Frontal Assault on the 30-Year Fixed Rate Mortgage
A few weeks ago, I had a CD post "Should We End the 30-Year Fixed-Rate Mortgage?", as a follow-up to a discussion Arnold Kling started. Now the WSJ has a related article today "Radical Ideas From a Federal Housing Bureaucrat," about Patrick Lawler, chief economist of the Federal Housing Finance Agency and his "frontal assault on the most sacred element in U.S. housing-policy dogma: the 30-year fixed-rate mortgage loan, providing the right to refinance at any time, with no prepayment penalty." Here's more from the article:
"Americans are very attached to their 30-year fixed-rate freely prepayable mortgages. They like not having to fuss about the possibility of 28% interest rates in 2032, even though most of us will move or die long before then. They love to refinance every time rates drop and then brag to their neighbors about how much they are saving per month. What they don’t stop to realize often enough is that they are paying a very large price for that privilege– twice.
1. Mortgage rates are higher than they otherwise would be. That’s because lenders and mortgage investors must build in protection for the risk that we will prepay and stick them with a lower yield than they were anticipating. Mr. Lawler estimates that Americans pay at least an extra 0.25 to 0.50 percentage point in rates because of this option to prepay without penalty. They also pay another premium-–sometimes a percentage point or two–for having a long-term fixed rate. Over 30 years, that translates into some real money, but no one ever mentions that when bragging to the neighbor.

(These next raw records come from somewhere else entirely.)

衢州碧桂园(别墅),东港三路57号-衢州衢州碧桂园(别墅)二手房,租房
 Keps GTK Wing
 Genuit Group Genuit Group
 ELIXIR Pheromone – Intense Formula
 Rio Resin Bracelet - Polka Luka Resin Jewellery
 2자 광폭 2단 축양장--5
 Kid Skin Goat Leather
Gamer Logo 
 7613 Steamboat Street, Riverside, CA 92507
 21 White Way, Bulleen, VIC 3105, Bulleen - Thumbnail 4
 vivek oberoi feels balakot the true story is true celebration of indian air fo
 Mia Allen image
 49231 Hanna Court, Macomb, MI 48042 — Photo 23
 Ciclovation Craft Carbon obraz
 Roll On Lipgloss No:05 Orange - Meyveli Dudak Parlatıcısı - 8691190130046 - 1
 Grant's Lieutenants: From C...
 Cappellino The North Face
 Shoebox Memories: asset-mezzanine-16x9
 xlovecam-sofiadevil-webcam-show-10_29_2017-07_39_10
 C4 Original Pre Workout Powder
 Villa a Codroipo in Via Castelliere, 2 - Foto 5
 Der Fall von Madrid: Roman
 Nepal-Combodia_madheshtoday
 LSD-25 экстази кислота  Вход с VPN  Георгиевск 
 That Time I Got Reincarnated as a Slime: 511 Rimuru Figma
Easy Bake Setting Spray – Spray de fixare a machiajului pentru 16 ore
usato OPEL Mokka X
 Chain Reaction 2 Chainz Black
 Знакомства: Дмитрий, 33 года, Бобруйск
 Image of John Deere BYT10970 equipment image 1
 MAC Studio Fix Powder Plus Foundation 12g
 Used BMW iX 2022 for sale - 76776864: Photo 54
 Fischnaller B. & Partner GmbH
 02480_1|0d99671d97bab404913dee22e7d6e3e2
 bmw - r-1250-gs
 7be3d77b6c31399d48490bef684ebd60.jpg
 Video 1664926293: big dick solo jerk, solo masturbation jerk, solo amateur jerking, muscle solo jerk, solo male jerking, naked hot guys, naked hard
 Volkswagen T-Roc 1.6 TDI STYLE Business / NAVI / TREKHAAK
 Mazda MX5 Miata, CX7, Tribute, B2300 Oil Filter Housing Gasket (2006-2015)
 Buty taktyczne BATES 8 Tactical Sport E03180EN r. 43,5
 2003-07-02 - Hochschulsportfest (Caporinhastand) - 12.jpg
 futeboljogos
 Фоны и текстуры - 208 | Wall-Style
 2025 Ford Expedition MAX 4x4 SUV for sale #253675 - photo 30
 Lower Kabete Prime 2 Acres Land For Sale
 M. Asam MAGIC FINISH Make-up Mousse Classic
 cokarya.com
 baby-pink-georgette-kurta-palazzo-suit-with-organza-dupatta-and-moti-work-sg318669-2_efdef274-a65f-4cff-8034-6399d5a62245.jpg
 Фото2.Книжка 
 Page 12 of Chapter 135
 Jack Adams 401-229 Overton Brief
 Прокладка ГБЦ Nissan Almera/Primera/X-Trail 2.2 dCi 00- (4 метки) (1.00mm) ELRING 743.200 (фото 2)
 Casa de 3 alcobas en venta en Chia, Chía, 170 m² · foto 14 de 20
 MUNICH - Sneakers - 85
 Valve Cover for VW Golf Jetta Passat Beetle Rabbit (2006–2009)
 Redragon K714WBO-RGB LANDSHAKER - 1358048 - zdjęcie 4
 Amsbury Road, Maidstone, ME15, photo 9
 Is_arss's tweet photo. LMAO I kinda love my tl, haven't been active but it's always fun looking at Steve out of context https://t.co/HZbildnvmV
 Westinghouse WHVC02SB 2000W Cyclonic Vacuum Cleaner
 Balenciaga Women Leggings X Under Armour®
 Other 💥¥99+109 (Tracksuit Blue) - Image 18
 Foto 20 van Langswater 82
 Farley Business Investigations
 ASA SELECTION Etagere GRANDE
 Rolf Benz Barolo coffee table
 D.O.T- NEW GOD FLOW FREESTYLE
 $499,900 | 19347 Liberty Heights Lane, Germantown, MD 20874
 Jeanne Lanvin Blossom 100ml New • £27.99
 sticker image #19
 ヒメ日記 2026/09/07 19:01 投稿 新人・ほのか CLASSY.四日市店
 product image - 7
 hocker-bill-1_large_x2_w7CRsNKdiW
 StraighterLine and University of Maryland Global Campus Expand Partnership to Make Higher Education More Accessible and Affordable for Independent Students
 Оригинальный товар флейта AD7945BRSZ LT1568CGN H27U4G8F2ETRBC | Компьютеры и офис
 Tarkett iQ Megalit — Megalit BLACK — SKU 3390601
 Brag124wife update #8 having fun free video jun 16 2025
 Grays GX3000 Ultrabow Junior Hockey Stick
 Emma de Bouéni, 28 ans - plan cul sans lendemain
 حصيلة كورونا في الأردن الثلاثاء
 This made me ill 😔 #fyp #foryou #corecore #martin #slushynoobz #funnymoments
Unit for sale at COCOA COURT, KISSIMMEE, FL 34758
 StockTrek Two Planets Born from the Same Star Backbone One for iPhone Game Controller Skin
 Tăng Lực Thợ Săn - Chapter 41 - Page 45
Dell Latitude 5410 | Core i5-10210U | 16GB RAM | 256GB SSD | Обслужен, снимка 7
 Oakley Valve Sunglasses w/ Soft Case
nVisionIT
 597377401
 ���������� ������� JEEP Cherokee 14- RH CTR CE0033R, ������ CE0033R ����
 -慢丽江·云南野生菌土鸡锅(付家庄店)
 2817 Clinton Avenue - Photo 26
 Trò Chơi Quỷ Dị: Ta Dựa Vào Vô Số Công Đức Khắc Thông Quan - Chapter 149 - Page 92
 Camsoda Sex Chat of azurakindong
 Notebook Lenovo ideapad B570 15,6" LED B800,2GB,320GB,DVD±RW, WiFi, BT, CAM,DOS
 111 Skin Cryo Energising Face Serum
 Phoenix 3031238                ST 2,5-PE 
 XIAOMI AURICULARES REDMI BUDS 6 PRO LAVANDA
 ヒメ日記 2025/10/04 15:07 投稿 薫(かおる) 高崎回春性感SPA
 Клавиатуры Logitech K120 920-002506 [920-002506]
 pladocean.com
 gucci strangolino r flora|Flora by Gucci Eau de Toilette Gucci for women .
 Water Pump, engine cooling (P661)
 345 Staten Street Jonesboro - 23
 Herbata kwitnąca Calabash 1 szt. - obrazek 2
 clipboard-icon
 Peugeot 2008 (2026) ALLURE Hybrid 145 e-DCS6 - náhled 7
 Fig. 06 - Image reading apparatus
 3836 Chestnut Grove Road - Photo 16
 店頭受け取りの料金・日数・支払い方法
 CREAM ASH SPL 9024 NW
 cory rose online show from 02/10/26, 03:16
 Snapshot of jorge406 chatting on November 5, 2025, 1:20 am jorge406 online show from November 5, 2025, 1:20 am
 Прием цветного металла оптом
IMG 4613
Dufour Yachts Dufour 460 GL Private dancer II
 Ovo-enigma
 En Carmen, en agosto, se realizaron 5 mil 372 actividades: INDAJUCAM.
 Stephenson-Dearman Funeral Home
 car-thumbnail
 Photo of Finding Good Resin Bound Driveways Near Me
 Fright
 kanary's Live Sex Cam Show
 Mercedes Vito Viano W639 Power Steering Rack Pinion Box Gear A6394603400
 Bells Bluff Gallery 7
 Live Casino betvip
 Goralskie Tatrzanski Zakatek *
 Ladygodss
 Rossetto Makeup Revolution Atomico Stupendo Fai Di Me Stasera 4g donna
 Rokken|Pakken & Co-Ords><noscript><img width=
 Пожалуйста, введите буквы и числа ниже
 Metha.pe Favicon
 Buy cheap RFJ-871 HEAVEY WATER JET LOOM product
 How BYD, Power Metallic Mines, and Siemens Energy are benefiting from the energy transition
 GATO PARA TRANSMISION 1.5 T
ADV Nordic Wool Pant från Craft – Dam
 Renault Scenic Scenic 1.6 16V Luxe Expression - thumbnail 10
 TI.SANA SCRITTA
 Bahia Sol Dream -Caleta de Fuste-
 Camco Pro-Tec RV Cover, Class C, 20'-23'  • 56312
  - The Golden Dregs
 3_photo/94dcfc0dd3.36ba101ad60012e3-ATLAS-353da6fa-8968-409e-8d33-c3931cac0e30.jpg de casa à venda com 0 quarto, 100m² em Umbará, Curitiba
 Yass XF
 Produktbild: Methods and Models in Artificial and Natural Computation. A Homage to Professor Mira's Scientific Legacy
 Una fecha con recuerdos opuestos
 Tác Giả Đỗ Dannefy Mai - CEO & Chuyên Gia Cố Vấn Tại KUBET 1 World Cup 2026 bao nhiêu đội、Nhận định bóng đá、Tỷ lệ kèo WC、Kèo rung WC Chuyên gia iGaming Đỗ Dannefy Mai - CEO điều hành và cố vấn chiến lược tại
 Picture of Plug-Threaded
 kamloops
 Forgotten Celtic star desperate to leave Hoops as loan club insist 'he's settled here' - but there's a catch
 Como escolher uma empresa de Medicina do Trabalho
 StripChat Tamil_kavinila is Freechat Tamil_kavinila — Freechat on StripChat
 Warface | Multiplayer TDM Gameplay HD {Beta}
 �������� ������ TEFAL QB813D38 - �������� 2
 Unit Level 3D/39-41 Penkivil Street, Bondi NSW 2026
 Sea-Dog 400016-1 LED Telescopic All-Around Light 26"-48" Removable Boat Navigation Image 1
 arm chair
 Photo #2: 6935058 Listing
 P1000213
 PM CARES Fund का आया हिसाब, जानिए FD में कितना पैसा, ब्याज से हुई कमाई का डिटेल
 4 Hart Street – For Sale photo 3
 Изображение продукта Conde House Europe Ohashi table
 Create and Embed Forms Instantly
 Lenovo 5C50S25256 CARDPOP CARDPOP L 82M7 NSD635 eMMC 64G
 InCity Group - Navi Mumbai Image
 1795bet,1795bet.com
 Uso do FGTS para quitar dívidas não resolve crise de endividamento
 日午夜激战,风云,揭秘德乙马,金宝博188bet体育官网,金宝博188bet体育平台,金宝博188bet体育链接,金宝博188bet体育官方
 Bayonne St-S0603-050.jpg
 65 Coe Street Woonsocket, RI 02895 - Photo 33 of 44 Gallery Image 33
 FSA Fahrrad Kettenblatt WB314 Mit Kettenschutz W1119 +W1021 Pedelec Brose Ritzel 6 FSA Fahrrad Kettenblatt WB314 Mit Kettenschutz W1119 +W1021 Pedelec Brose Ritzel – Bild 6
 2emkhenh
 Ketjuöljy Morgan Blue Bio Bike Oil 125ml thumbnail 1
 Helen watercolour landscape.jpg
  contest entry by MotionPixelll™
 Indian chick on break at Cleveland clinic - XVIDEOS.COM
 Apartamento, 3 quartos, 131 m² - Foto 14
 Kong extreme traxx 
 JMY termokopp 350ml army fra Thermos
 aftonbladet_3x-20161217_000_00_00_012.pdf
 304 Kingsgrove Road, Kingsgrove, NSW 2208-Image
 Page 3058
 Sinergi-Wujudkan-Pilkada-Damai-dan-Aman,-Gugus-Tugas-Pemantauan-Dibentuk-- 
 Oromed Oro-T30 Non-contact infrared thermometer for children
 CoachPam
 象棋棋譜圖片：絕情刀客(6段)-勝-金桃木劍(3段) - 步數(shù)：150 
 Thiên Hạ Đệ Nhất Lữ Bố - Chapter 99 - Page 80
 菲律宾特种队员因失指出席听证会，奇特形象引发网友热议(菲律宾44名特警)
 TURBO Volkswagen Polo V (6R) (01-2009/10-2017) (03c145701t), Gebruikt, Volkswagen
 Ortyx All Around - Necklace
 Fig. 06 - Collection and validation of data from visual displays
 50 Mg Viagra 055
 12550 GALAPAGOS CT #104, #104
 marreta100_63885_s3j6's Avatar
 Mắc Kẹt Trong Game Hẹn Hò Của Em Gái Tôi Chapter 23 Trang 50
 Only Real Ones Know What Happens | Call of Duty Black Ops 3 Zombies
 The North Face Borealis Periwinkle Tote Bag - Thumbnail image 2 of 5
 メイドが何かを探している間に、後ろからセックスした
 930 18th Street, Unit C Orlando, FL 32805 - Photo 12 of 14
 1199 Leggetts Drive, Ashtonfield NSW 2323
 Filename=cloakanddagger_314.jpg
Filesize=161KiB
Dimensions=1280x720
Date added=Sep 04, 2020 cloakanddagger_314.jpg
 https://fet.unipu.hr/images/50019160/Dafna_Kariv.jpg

2. Our nation has created the likes of Fannie, Freddie and the FHA to facilitate these oddball 30-year fixed-rate loans, which aren’t normally provided by the private market. For a long while, that seemed like a free lunch. Fannie and Freddie, we were told, were far better able to handle those complex risks than we dumb consumers ever could. But since the government had to rescue Fannie and Freddie in 2008, the taxpayers’ tab for this indigestible lunch has swollen to $145 billion, and it’s still rising. So that’s the second time we’ll pay for our irrational love of American-style mortgages – only this time, we all pay, not just mortgage borrowers.
Meanwhile, other wealthy nations–notably Canada–do without our kind of mortgages and yet somehow manage to have homeownership rates similar to ours. They do not pretend that there are risk-free ways to buy houses on credit."
MP: Actually, the homeownership rate in Canada (69 percent) is higher than in the U.S. (67.2 percent).